I have read online that there's an app on it already for a free_ trial _of Net Nanny. I can't believe there are no readily available controls on this thing... at least that I can find. I just unwrapped it last night, so I can't tell the front from the back of it hardly. Just wondering if someone's got one and familiar with it enough to tell me how I may access the parental controls if they are indeed somewhere on this thing already, or if there's a suggestion as to how to install something that is free. I have a hard time believing they produced this thing without some sort of precautionary set-up included.


----------



## Triple6

What kind of parental controls are you looking for? There are various apps that can be downloaded from free from the Google Play store that can limit what can be run or accessed on an Android tablet. Or you can setup parental controls in your router if you want to control what websites they visit with it.
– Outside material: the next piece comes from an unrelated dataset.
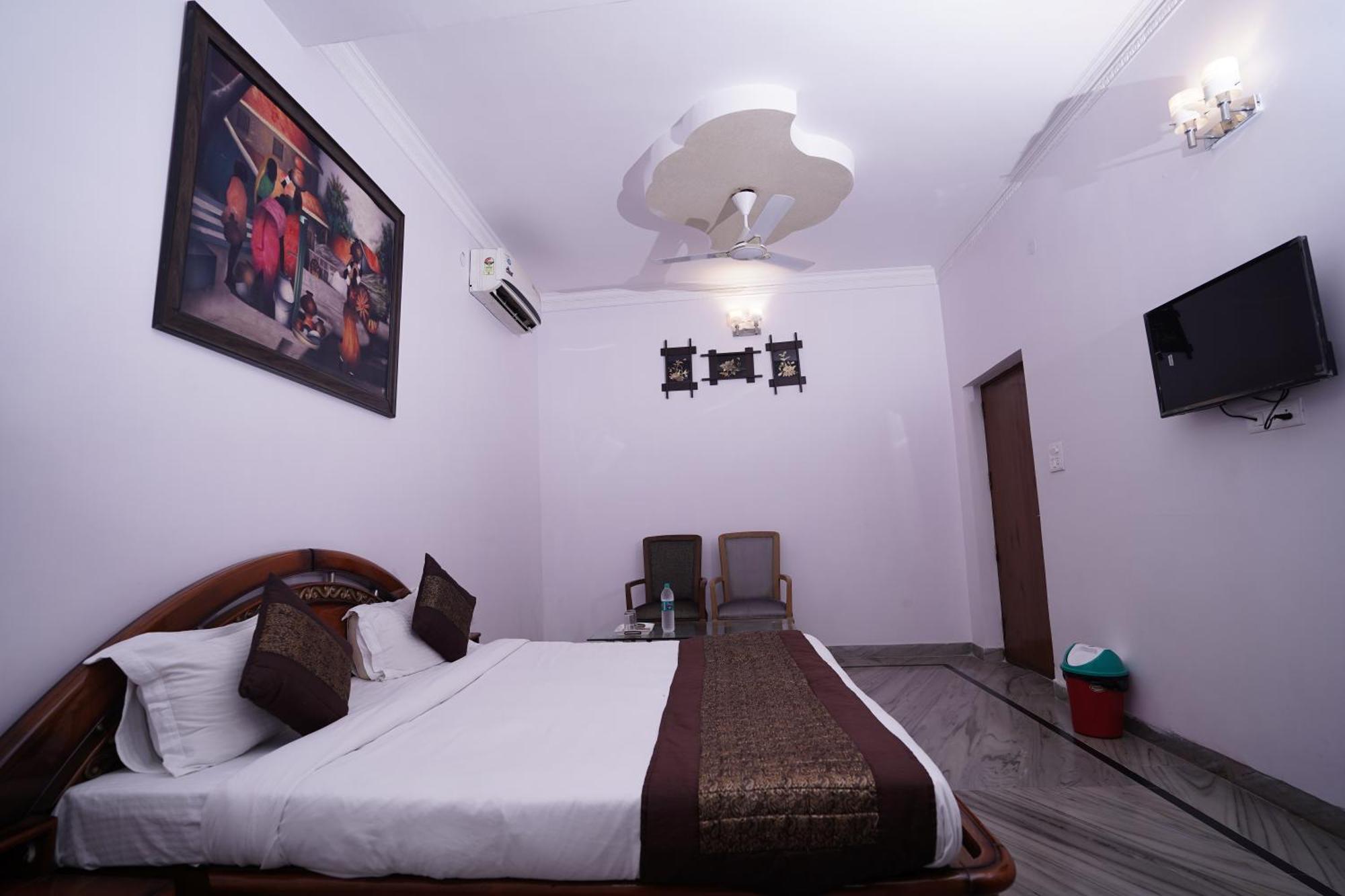 Hotel Lecston @Yashobhoomi Dwarka Sector - 25 Metro Station Делхи Екстериор снимка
There are kids oriented tablets from VTech and Leapfrog that may be more suited for kids use.


----------



## TonyB25

If parental controls are important, you'll want to buy a new iPad with iOS 7.
https://support.apple.com/kb/ht4213

The tablet you purchased can only use apps from the Barnes & Noble Nook store. Your options will be limited as to what B&N developers have decided is appropriate. You may find something that works for you, but it may take a lot of time and trial and error. Since it can't use the Google Play store, the list of available programs is going to be relatively short.


----------



## Triple6

I didn't notice that this unit didn't support Google Play store, in that case it is way more limited what can be done with it.


----------



## beckri

Actually, it does use Google Play Store. I did find an app there and have installed it. But I have read that a savvy kid (bought for a young teen male) will likely think to just load a different browser onto the tablet and can then circumvent the control I put on it, as the parental control apps found there are only useful on the pre-installed Google browser. I had hoped that there was something on the device itself, in its settings somewhere, that would be helpful. Looks like I'm out of luck. Well, only a few more years of worry... Thanks for the replies.


----------